Придя домой и еще не успев снять шинель, я перелил нефть в пробирку, крепко заткнул пробирку на всякий случай пробкой и стал нагревать на своей лабораторной спиртовой горелке, которая распространяла волнующий запах горящего денатурированного спирта.
Я никогда не уставал восхищаться своей спиртовой лампочкой, ее ватным фитилем, опущенным в лиловую жидкость цвета медузы, ее тугоплавким колпачком, с помощью которого можно было мгновенно погасить лилово-желтое пламя, почти невидимое при дневном свете.
Все было прекрасно и строго научно!
Залюбовавшись горящей лампочкой, я перестал наблюдать за нагревающейся нефтью, и вдруг раздался сильный звук откупориваемой бутылки — громкий выстрел из пистолета, — потрясший всю Отраду. Заряд кипящей нефти вышиб из пробирки пробку, и жирная, золотисто-коричневая струя брызнула в стенку, потекла по обоям и в один миг покрыла три белоснежных, тканьёвых, так называемых «марсельских» одеяла, которыми застилались наши кровати, темными, вонючими, неистребимыми пятнами нефти, этого вещества, похожего на жидкость, но почему-то называвшегося минералом, как я узнал уже после гибели марсельских одеял…
Плавни
Как-то в нашей уличной компании ненадолго появился кадетик Жорка Сурин, сообщивший как нечто весьма обыкновенное, что у них в Николаеве на плавнях у рыбаков можно без труда купить речную плоскодонку — так называемый ковш, — конечно, не новую, а уже старую, «отслужившую свой срок», как выразился Жорка Сурин, грубо сколоченную из почерневших от времени досок, за сказочно ничтожные деньги, что-то рубля два или даже полтора.
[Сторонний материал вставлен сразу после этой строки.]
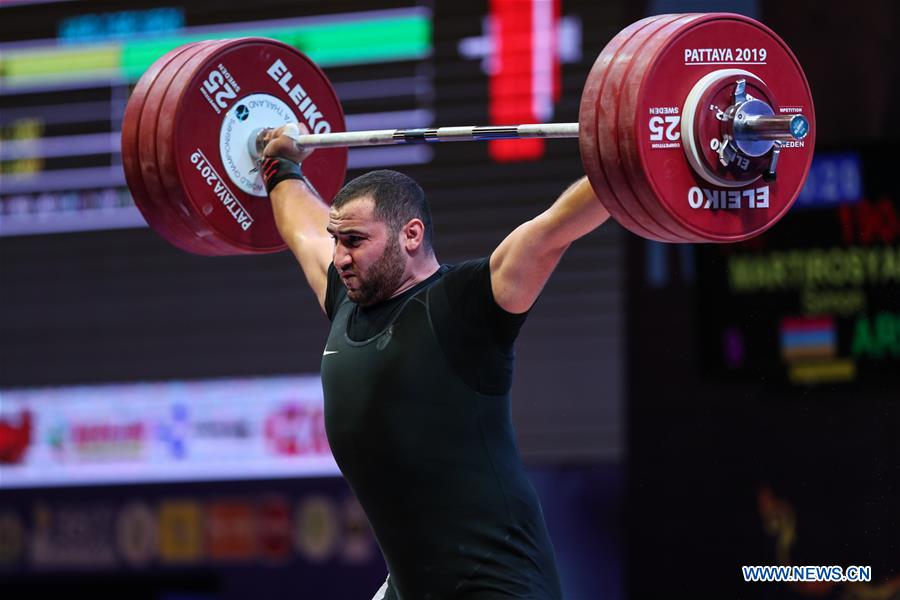 (SP)THAILAND-PATTAYA-WEIGHTLIFTING CHAMPIONSHIPS-MEN'S 109KG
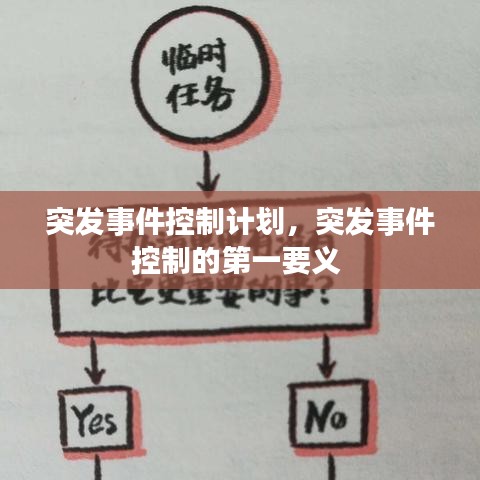 突发事件控制计划，突发事件控制的第一要义 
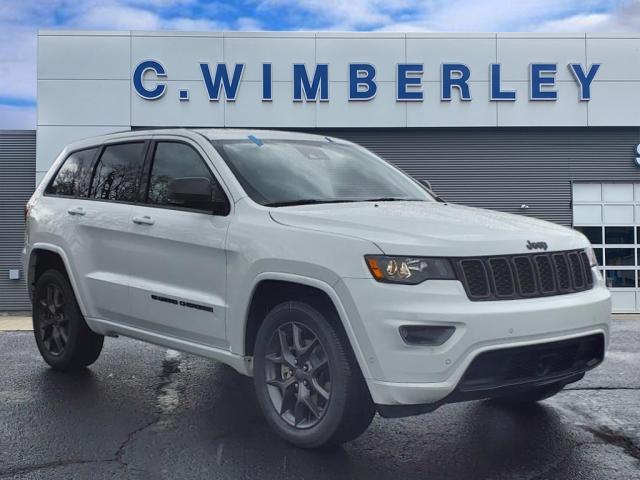 used 2021 Jeep Grand Cherokee car, priced at $34,491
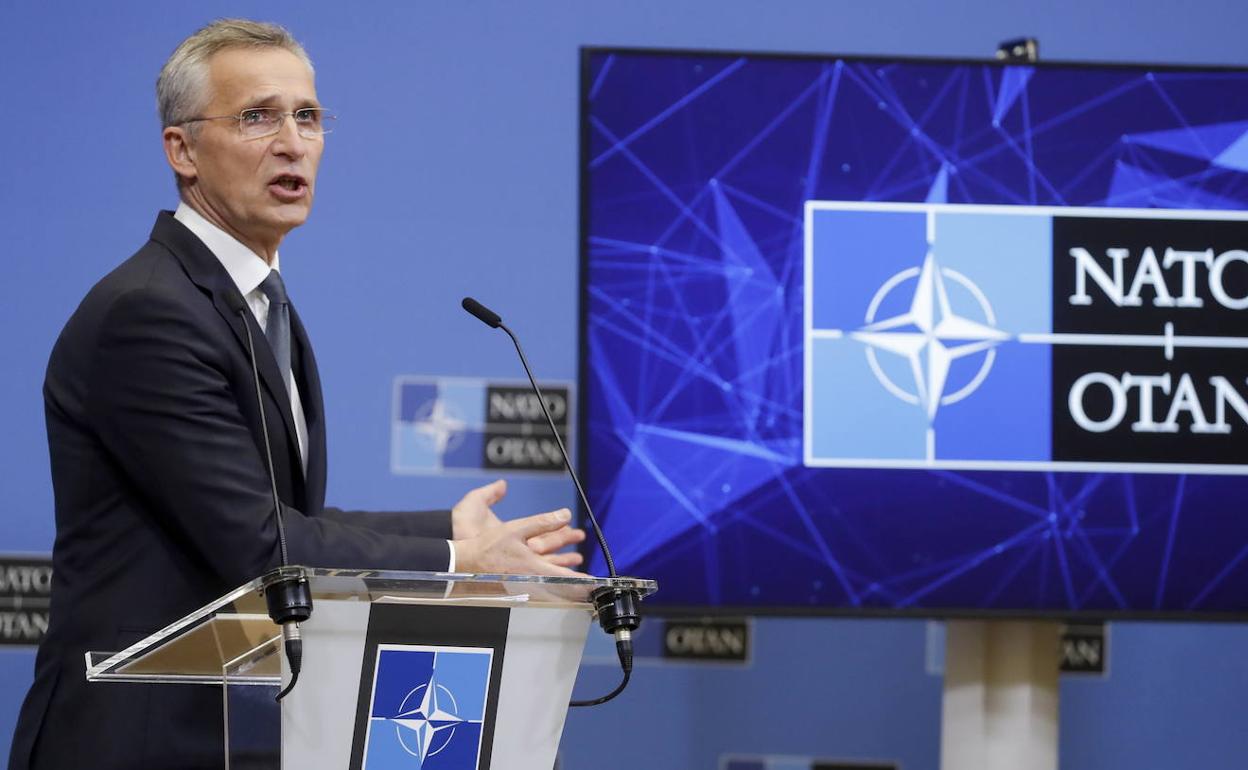 El secretario general de la Alianza Atlántica, Jens Stoltenberg.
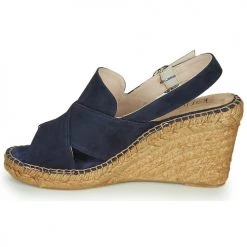 Chaussures Femme Sandales et Nu-pieds Fericelli MARIE Marine -Sandales Soldes Boutique 16866304 500 D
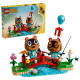 Конструктор LEGO Animal Crossing Веселий день Timmy і Tommy на природі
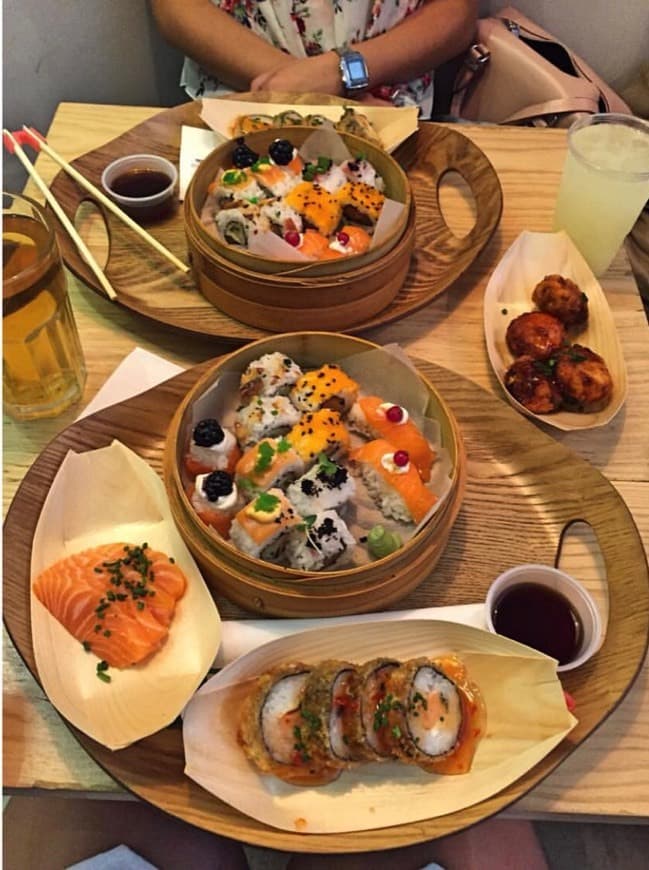 Restaurants Temako Let's Sushi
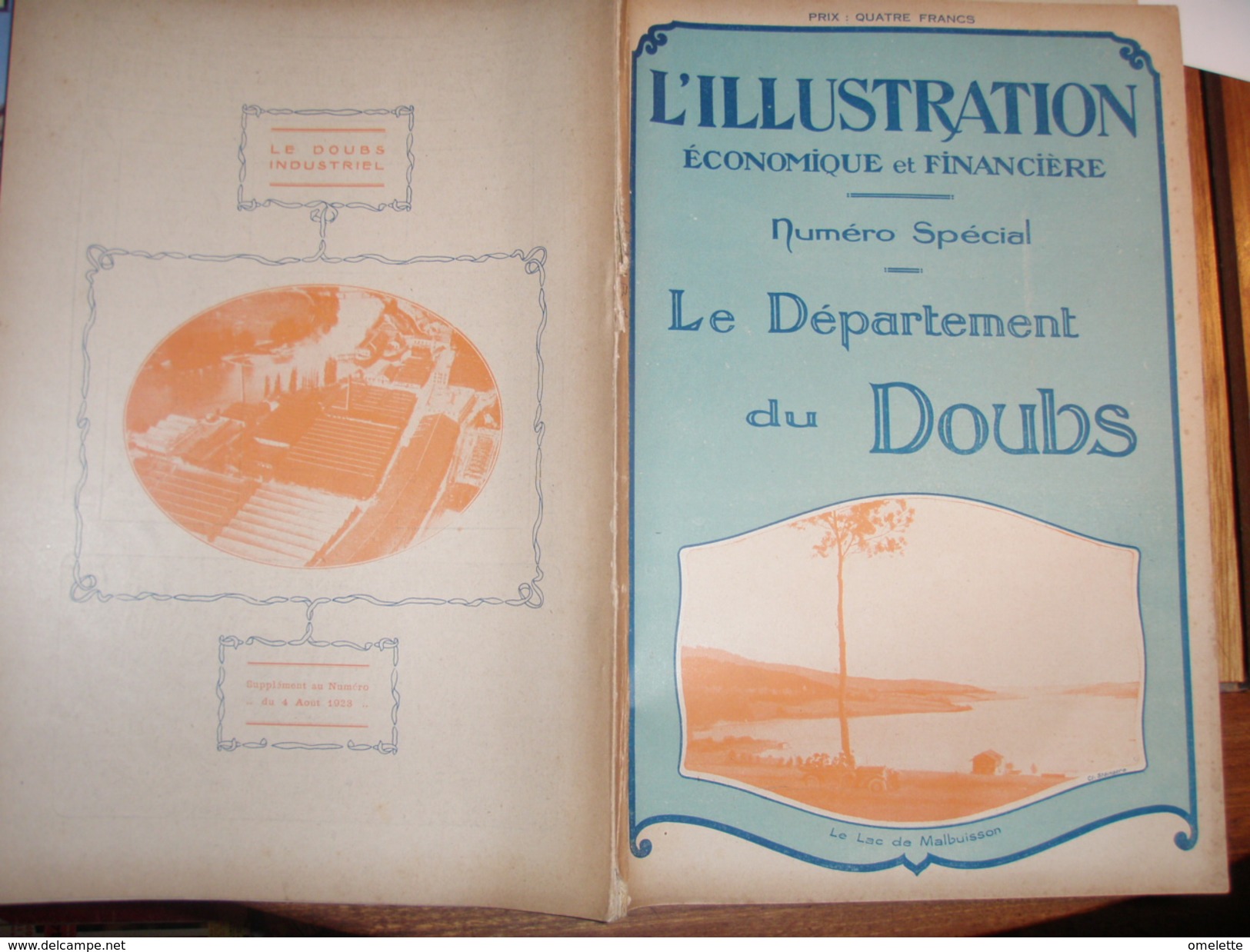 DOUBS/BESANCON/HORLOGERIE /PONTARLIER/MONTBELLIARD/ ZEDEL/PEUGEOT /SOCHAUX /ILLUSTRATION ECONOMIQUE FINANCIERE - 1900 - 1949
Как сейчас вижу этого самого Жорку Сурина в его широких казенных штанах, из-под которых снизу выказывались хорошо вычищенные черной ваксой головки сапог, а выше виднелись из-под штанов рыжие их голенища.
Вижу очень маленькую ловкую фигурку Жорки в коломянковой, много раз стиранной кадетской косоворотке, круто заправленной на спине в одну косую складку под кожаный пояс с медной бляхой, кадетскую фуражку и синие погоны с натрафареченными толстым слоем потрескавшейся масляной краски буквами «О. К.», что значило Одесский корпус, в котором зимой учился Жорка, а потом на лето уезжал в свой родной Николаев.
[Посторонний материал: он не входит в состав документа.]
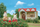 Lodër shpi e vogël Sylvanian Families Raspberry House 5393, me figurë, me rrëshqitëse, shumëngjyrëshe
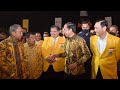 Saat Presiden Jokowi bicara soal Capres pada Peringatan HUT Ke-58 Partai Golkar, 21 Oktober 2022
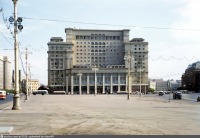 Москва - Гостиница «Москва» 1960—1961, Россия, Москва,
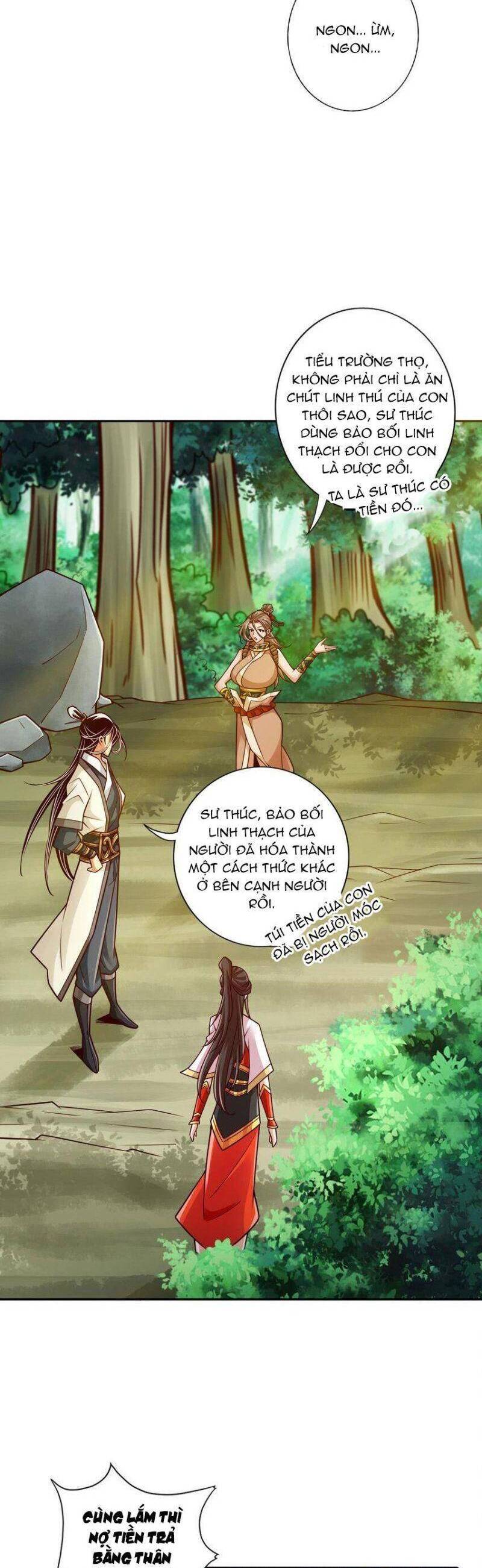 Sư Huynh Của Ta Quá Cẩn Thận Rồi Chapter 161 - Trang 2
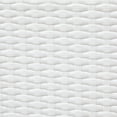 thumbnail image 2 of Arthur Tempered Glass Top Outdoor End Table, White, 2 of 4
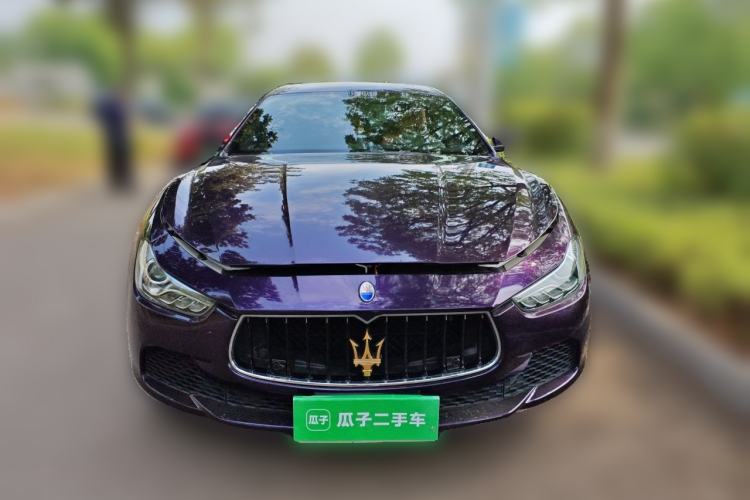 Used Maserati Ghibli 2017 3.0T Standard Edition Front
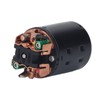 DC Brushed Motor High Torsion Black Shell Carbon Brush Convenient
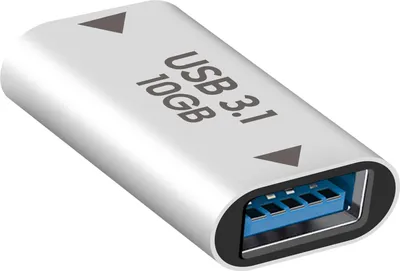 Immagine prodotto di Cavo di estensione da USB-C a USB 3.1, trasmissione a 10 Gbps - argento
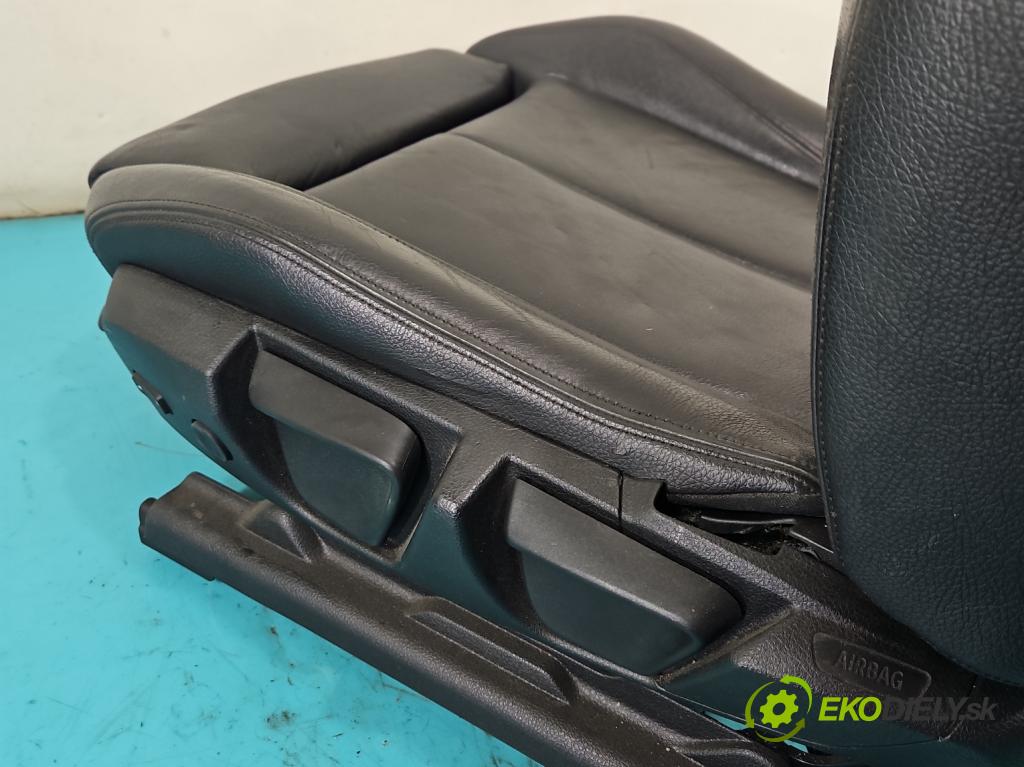 Bmw 3 F34 2013-2020 2.0d 190 HP automatic 140 kW 1999 cm3 5- Sedačka ľavý  (Sedadlo)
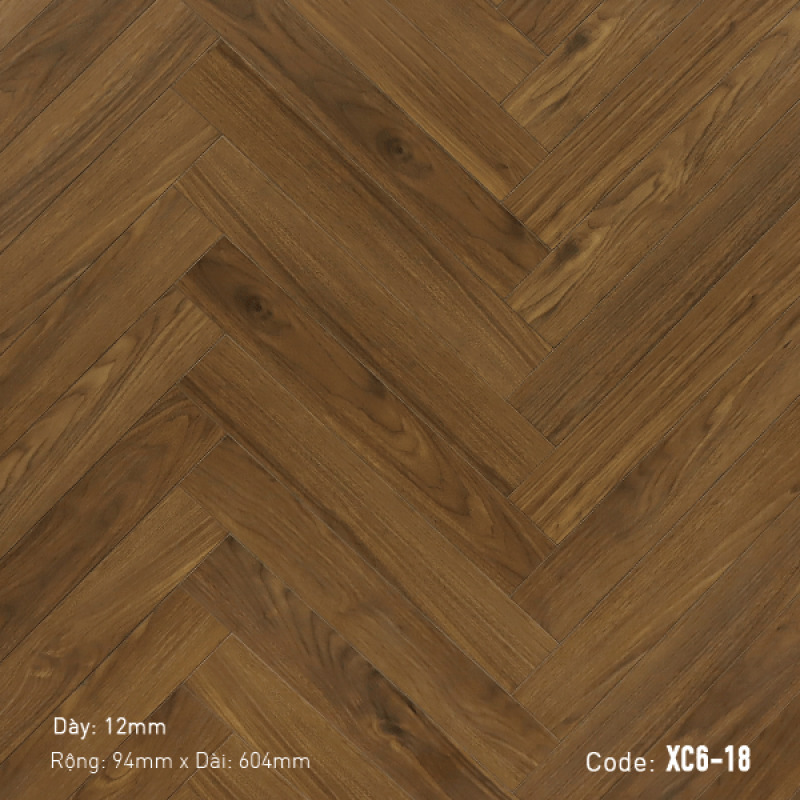 Sàn gỗ xương cá XC6-18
Вообще кадеты были нашими исконными врагами; мы их ненавидели, и когда встречали на нашей улице кадета, то кричали ему оскорбительными голосами вдогонку:
— Кадет, на палочку одет! Палочка трещит, кадет пищит.
На что кадет неизменно отвечал:
— А вы, гимназисты, жалкие шпаки. Выходи, сколько вас там, на левую руку!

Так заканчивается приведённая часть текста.